Start of Block
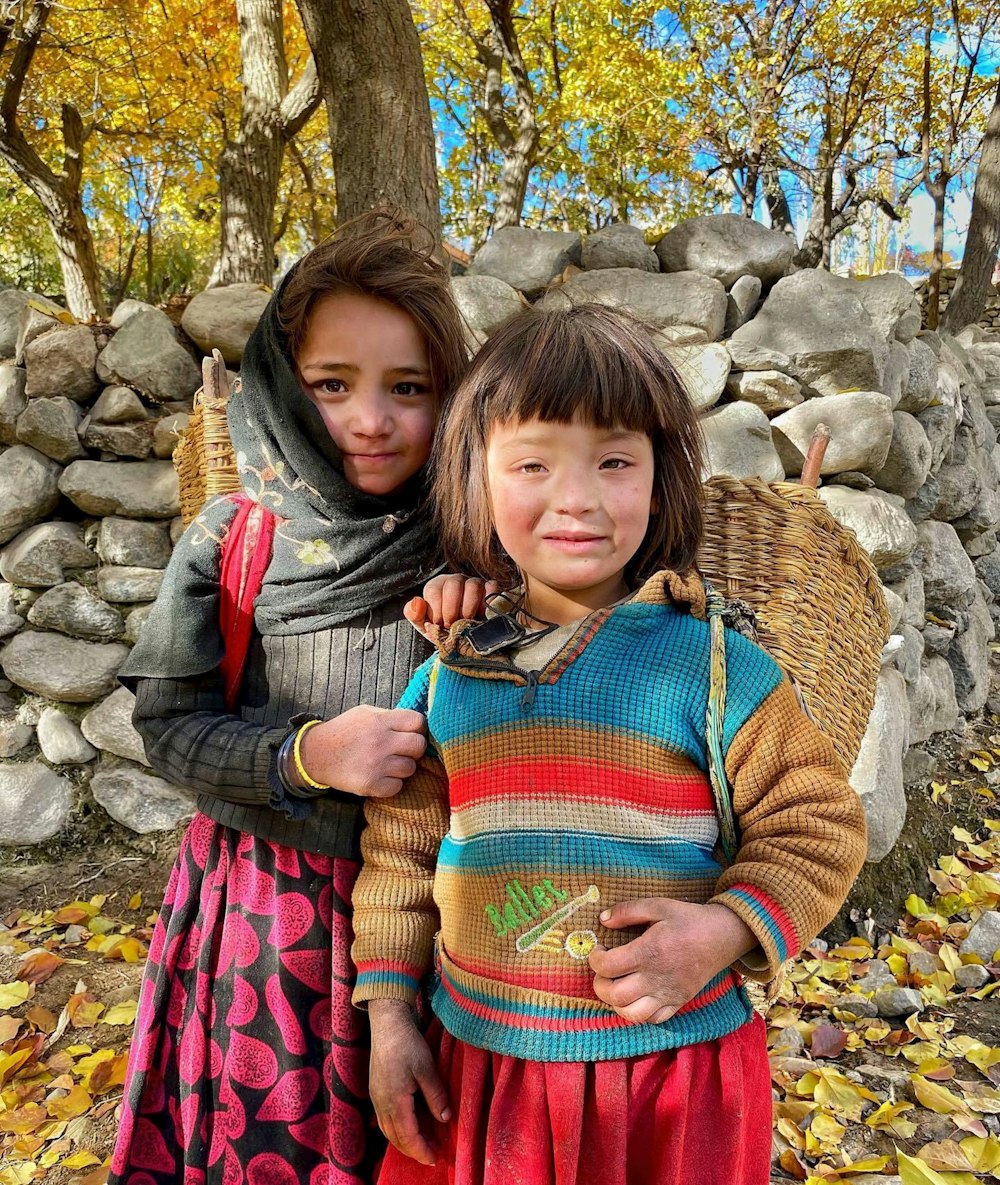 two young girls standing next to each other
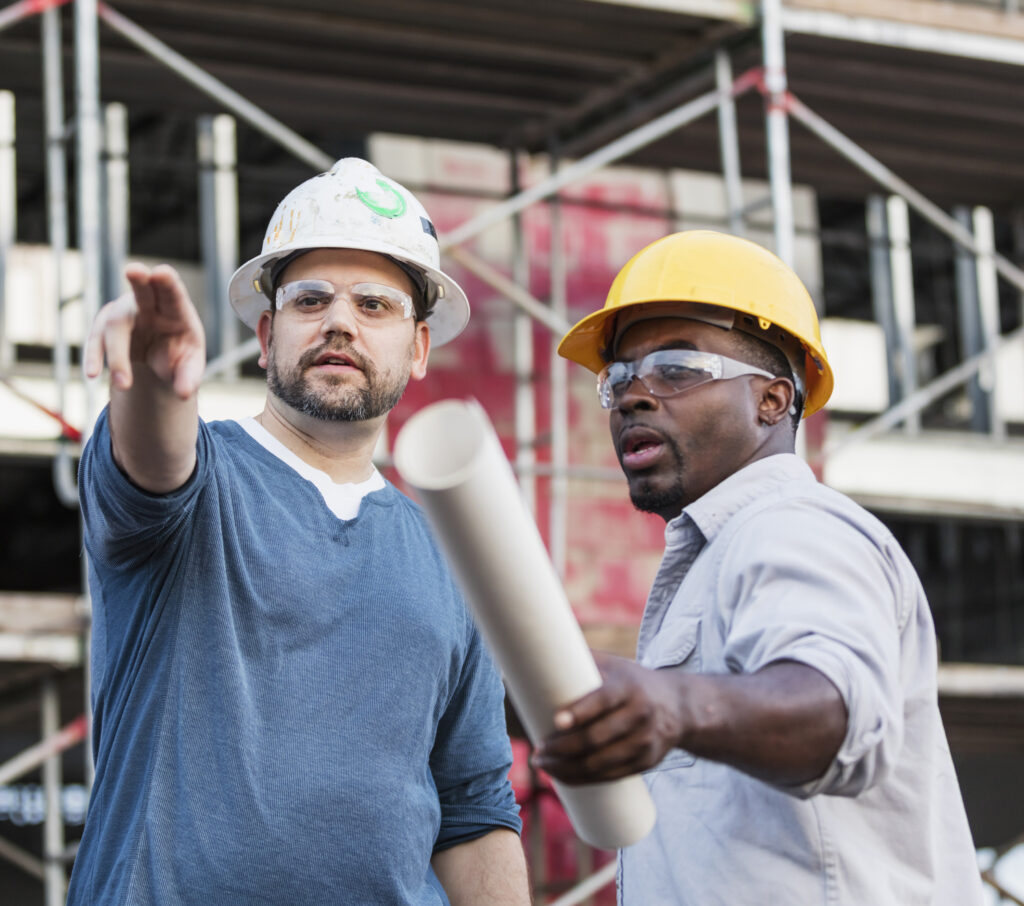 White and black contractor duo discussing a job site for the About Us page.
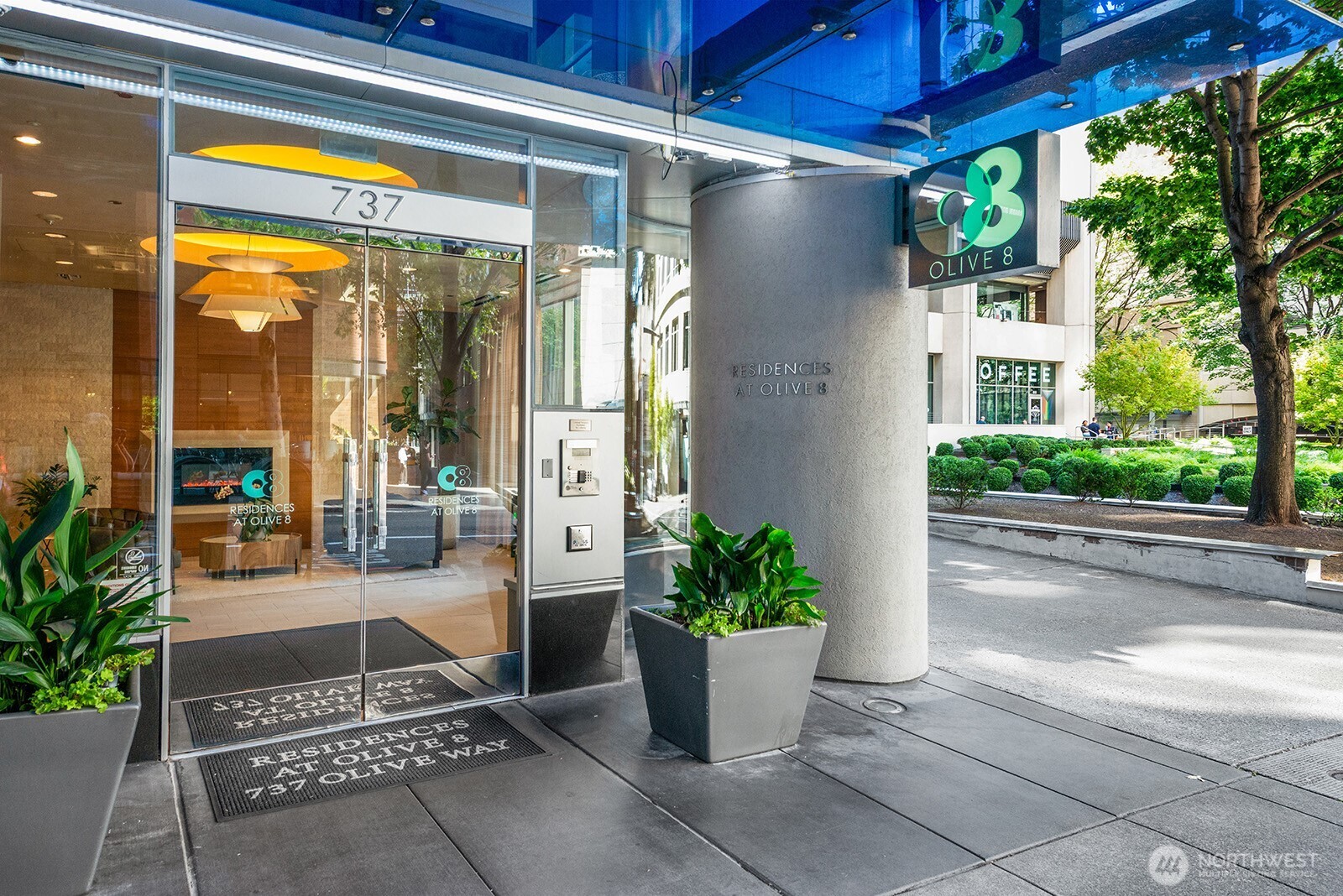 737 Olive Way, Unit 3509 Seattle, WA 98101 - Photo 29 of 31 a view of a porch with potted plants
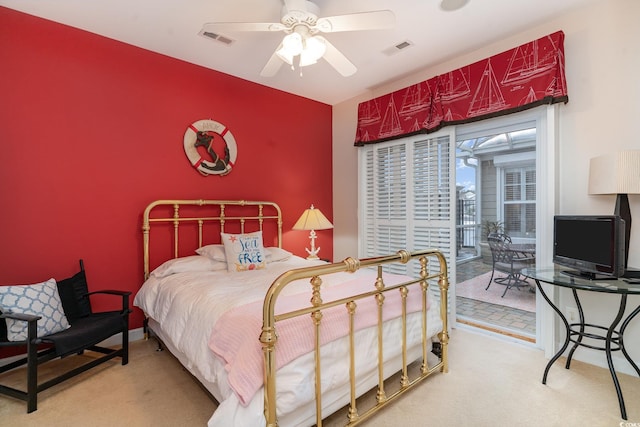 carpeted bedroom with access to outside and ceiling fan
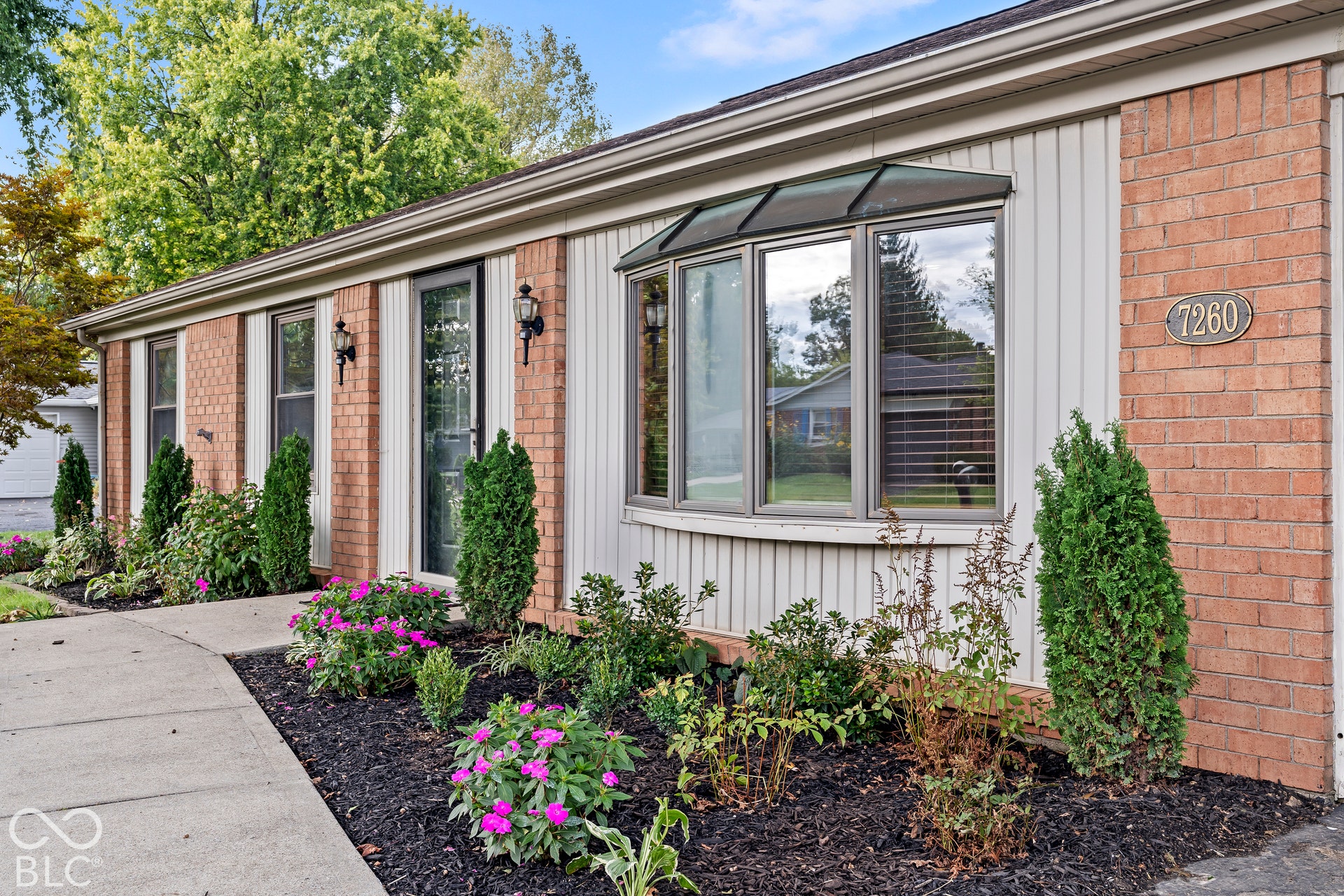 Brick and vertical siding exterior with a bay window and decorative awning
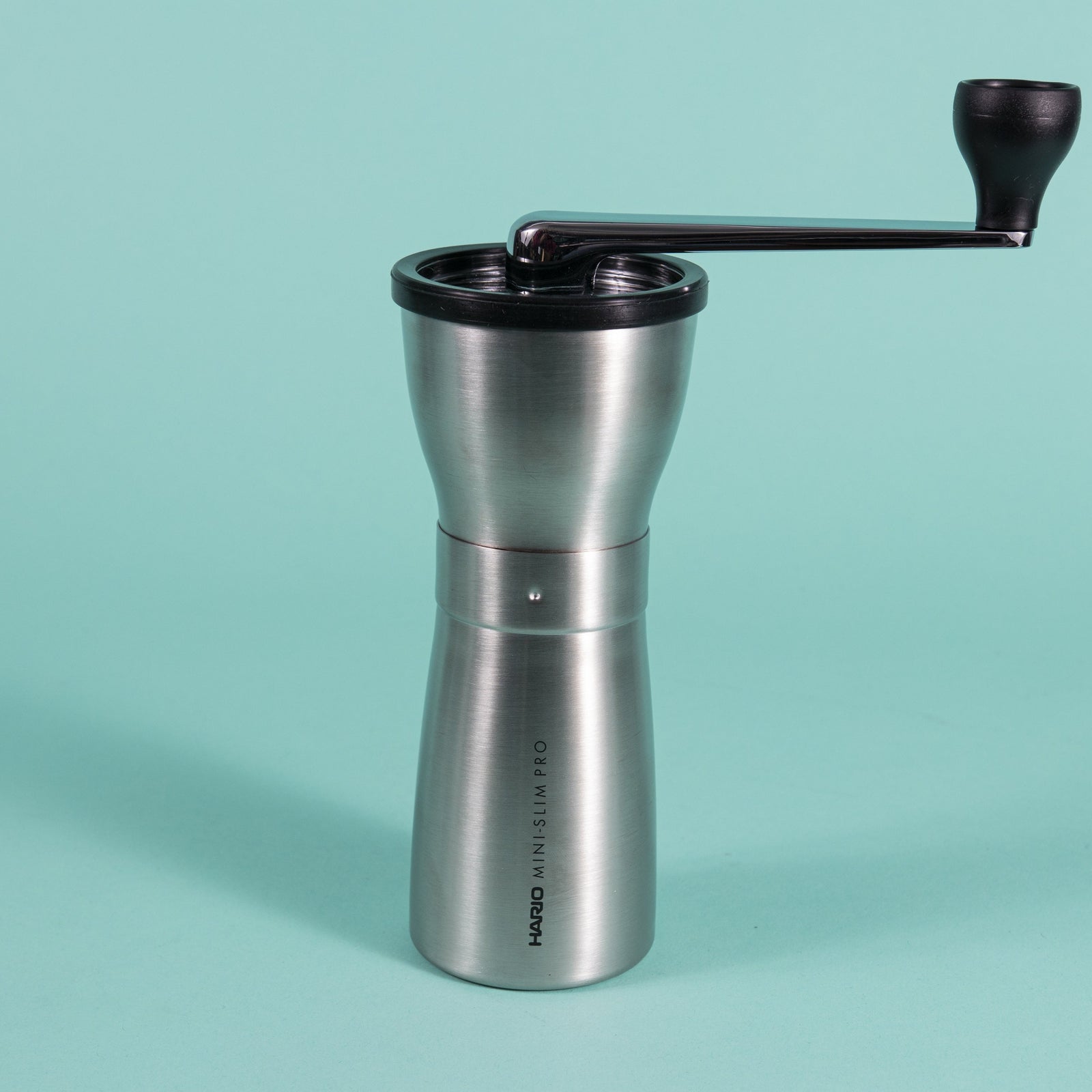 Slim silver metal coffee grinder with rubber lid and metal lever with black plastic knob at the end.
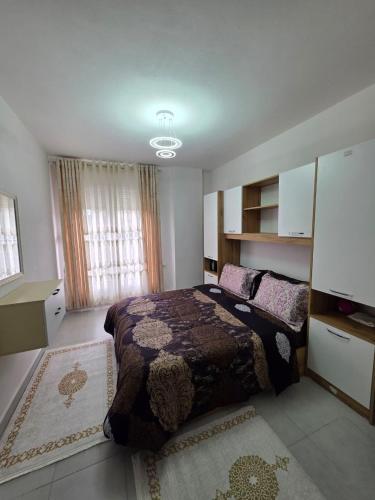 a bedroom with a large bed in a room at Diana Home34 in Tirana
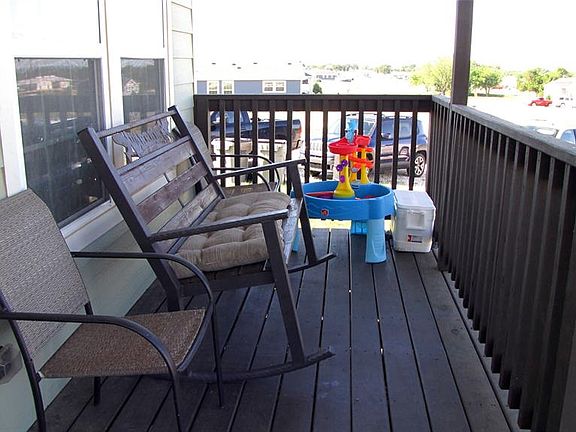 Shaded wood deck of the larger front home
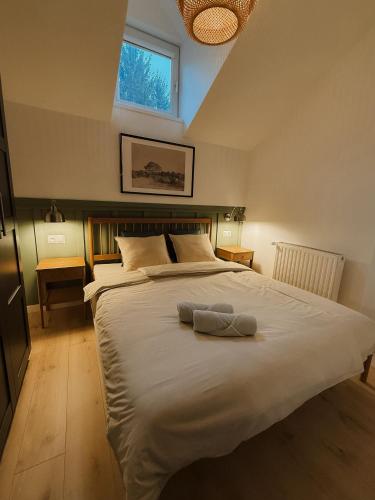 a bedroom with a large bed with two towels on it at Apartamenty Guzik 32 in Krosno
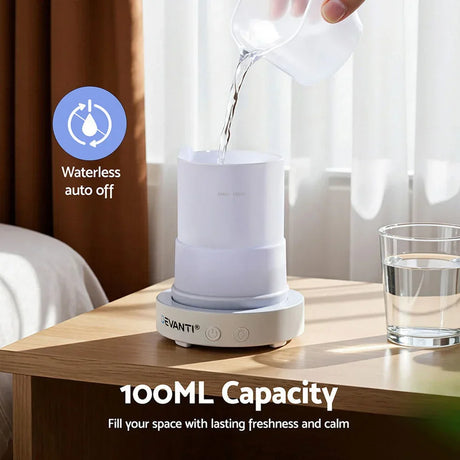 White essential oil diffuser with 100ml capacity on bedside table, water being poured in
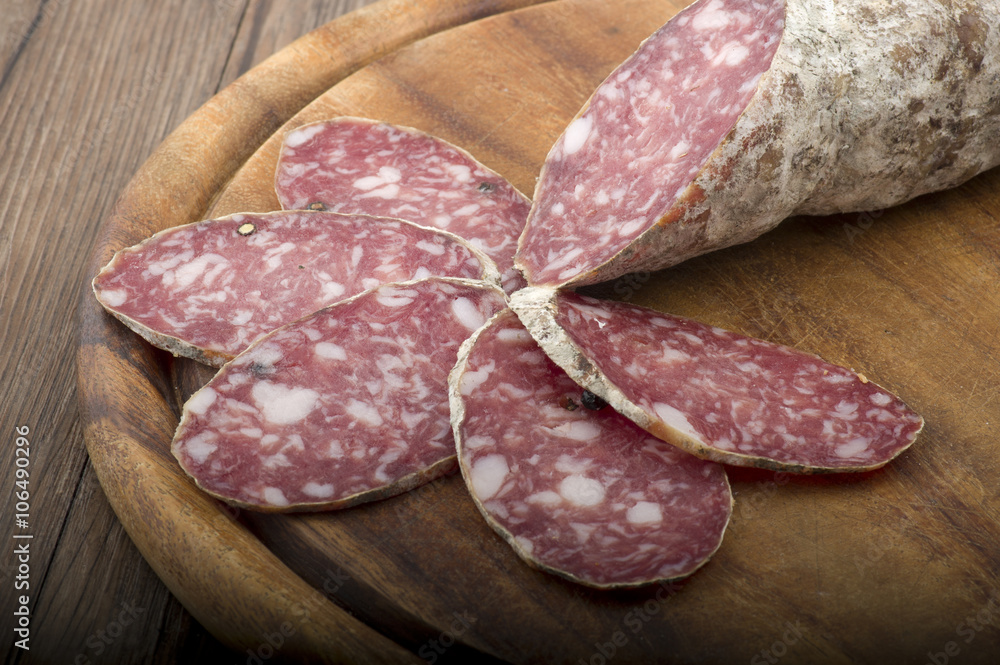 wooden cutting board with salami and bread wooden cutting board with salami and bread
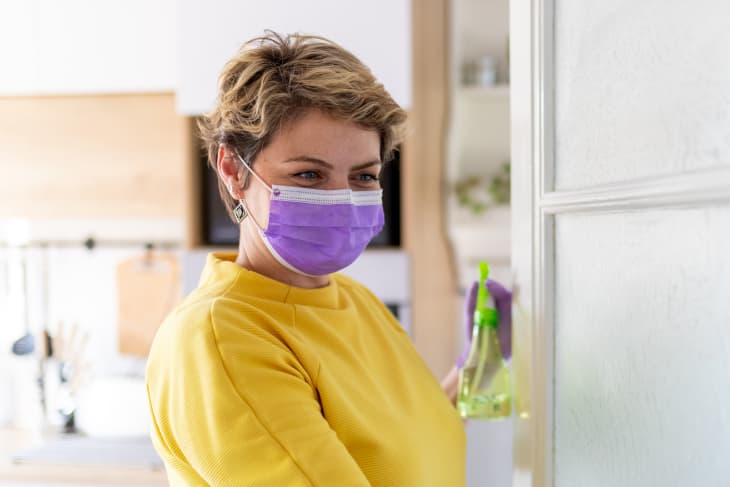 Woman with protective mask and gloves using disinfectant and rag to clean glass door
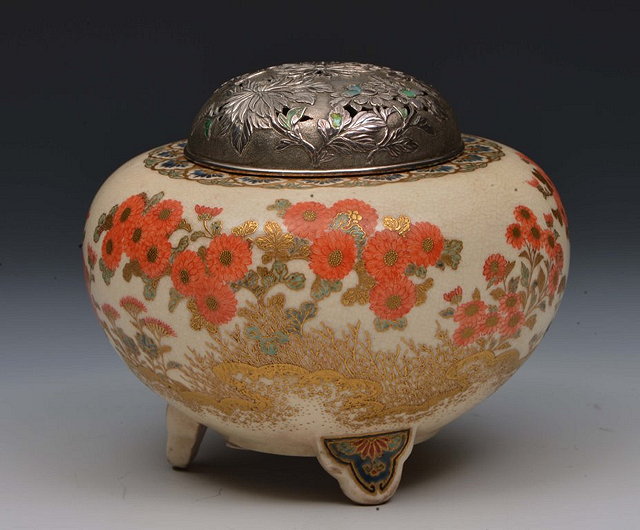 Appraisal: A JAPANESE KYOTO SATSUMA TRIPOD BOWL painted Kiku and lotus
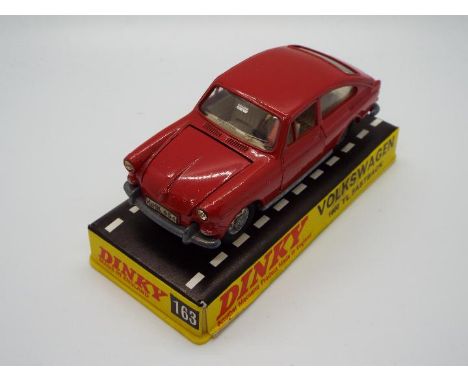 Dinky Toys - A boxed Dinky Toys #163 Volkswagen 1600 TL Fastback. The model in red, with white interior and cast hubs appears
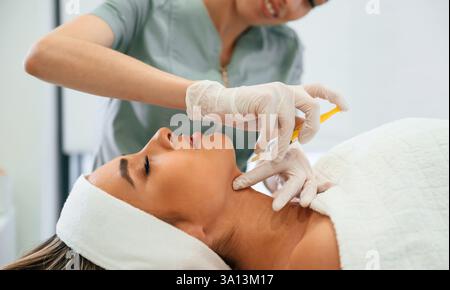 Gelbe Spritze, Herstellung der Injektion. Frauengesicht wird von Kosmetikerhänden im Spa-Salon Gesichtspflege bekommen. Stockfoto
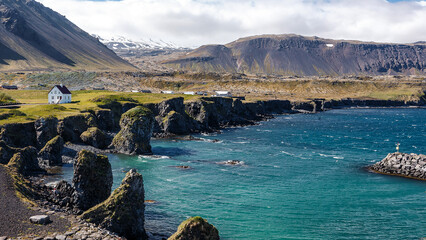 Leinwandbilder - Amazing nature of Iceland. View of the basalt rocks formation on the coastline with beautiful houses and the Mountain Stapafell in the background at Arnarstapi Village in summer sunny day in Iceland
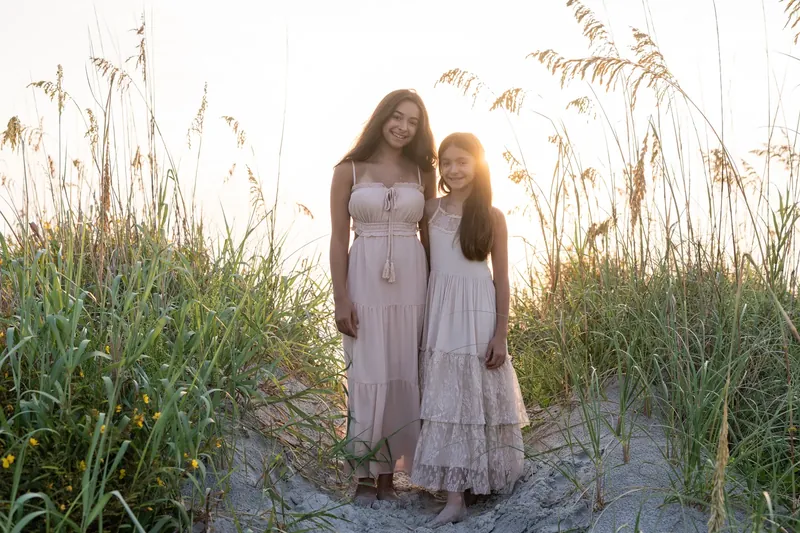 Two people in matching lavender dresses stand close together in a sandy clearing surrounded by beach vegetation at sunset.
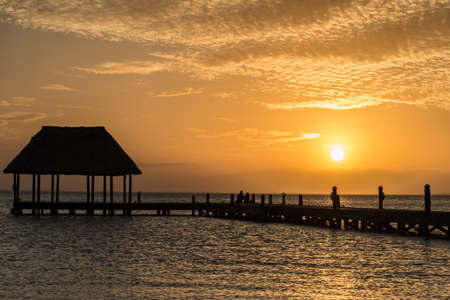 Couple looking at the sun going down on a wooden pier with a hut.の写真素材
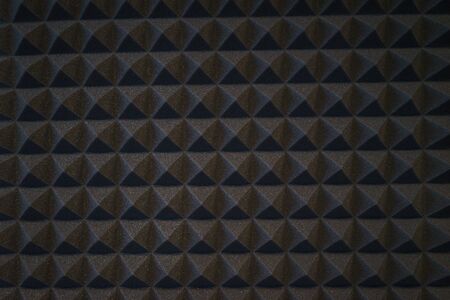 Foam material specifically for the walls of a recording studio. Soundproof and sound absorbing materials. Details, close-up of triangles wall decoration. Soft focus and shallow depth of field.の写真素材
End of Block
== Task instructions ==
Could you repeat, exactly and with nothing else, the lines from the first line of the records through the line containing "a bedroom with a large bed with"? Leave out the pictures.

== Finished exercise ==
 two young girls standing next to each other
 White and black contractor duo discussing a job site for the About Us page.
 737 Olive Way, Unit 3509 Seattle, WA 98101 - Photo 29 of 31 a view of a porch with potted plants
 carpeted bedroom with access to outside and ceiling fan
 Brick and vertical siding exterior with a bay window and decorative awning
 Slim silver metal coffee grinder with rubber lid and metal lever with black plastic knob at the end.
 a bedroom with a large bed in a room at Diana Home34 in Tirana
 Shaded wood deck of the larger front home
 a bedroom with a large bed with two towels on it at Apartamenty Guzik 32 in Krosno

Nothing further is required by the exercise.